During a visit to Iowa to highlight his economic achievements, Trump was asked whether he believed the dollar's current value was acceptable and if its decline over the past year was too severe. His response was unequivocal: 'The value of the dollar is great.' He added, 'I think it's great,' referring to the weaker dollar. 'Look at the business we're doing. No, the dollar is doing great. It's very interesting — if you look at China or Japan, I used to fight like hell with them because they always wanted to devalue their yen... you know that, the yen and yuan, and they'd always want to devalue it. They devalue, devalue, devalue. And I said, "Not fair." They devalue because it's hard to compete when they devalue.'

Trump also stated he was not concerned about the recent decline in the dollar, suggesting he prefers the greenback to 'seek its own level.' His comments imply a willingness to tolerate a weaker dollar to facilitate lower interest rates and boost US exports.

Gold Prices Surge to a New Record

With recent developments around Greenland and Trump's hints that the US might act to influence the dollar — potentially through dollar selling to help Japan strengthen its yen — investors are increasingly turning to hedging assets, notably gold, which continues to rally without signs of slowing. The dollar's free fall has driven gold prices to a new high of over $5,200 (£3,761) per ounce.
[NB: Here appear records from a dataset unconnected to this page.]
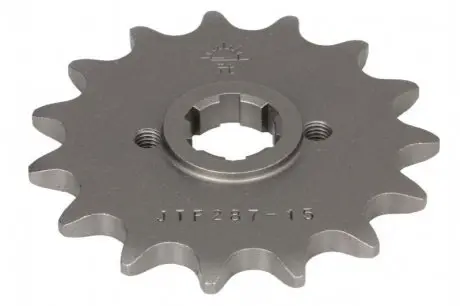 Автозапчастина JT SPROCKETS JTF28715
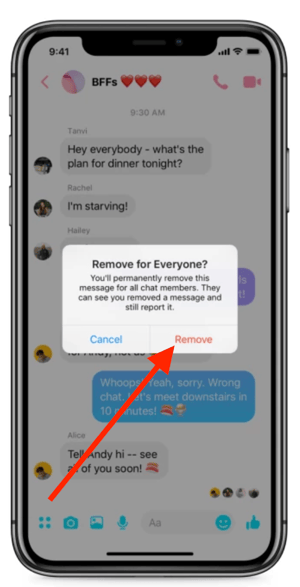 unsend-facebook-message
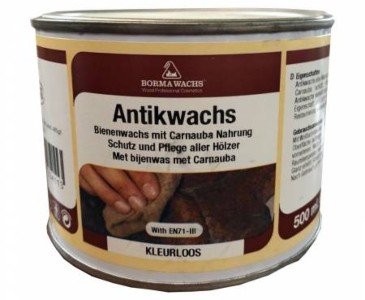 antikwachs-farblos-bienenwachs-mit-carnauba-tipps-zur-holzpflege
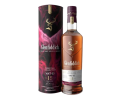 格蘭菲迪 Glenfiddich Perpetual Vat 3 15YO Whisky 70cl (Travel Retail Exclusive)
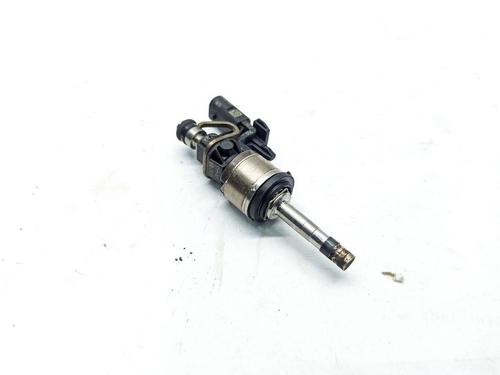 Injector AUDI A1 Sportback (GBA) 30 TFSI | BP36270952M100 - Image 9
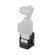 SmallRig 5072: Picture 1 thumbnail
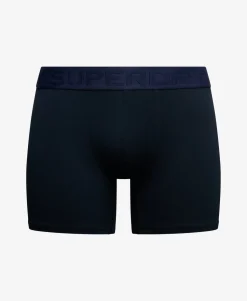 Boxer Triple Pack
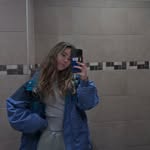 Bella Cline - @becline_ - Instagram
This negative sentiment towards the dollar is reshaping demand for USD-denominated precious metals. The latest decline demonstrates how a weakening currency can lead to higher nominal prices for gold and silver, especially as investors become more wary of the dollar's stability.

It is important to note that a weaker dollar makes USD-priced precious metals more affordable for buyers holding other currencies, thereby increasing global demand. However, current rallies in gold and silver are primarily driven by currency dynamics rather than fundamental changes within the metals markets. If the dollar remains under pressure, these precious metals could stay supported near current highs, as global purchasing power improves.

In a recent research note, BMO Capital Markets highlighted that 'last week saw a huge sell-off of Japanese bonds with accompanying dramatic swings in the yen, further raising concerns about traditional safe haven assets.' The analysts revised their model to reflect a scenario where investors continue to add gold at a similar or faster rate amid an eroding USD, projecting a gold price of $6,350 (£4,593) per ounce by Q4 2026 and reaching $8,650 (£6,257) per ounce by Q4 2027.

For silver, the brokerage expects prices to reach $160 (£115.74) per ounce by Q4 of this year and $220 (£159.15) by Q4 2027.

Disclaimer: Our digital media content is for informational purposes only and does not constitute investment advice. Please conduct your own analysis or seek professional advice before investing. Remember, investments are subject to market risks, and past performance does not guarantee future returns.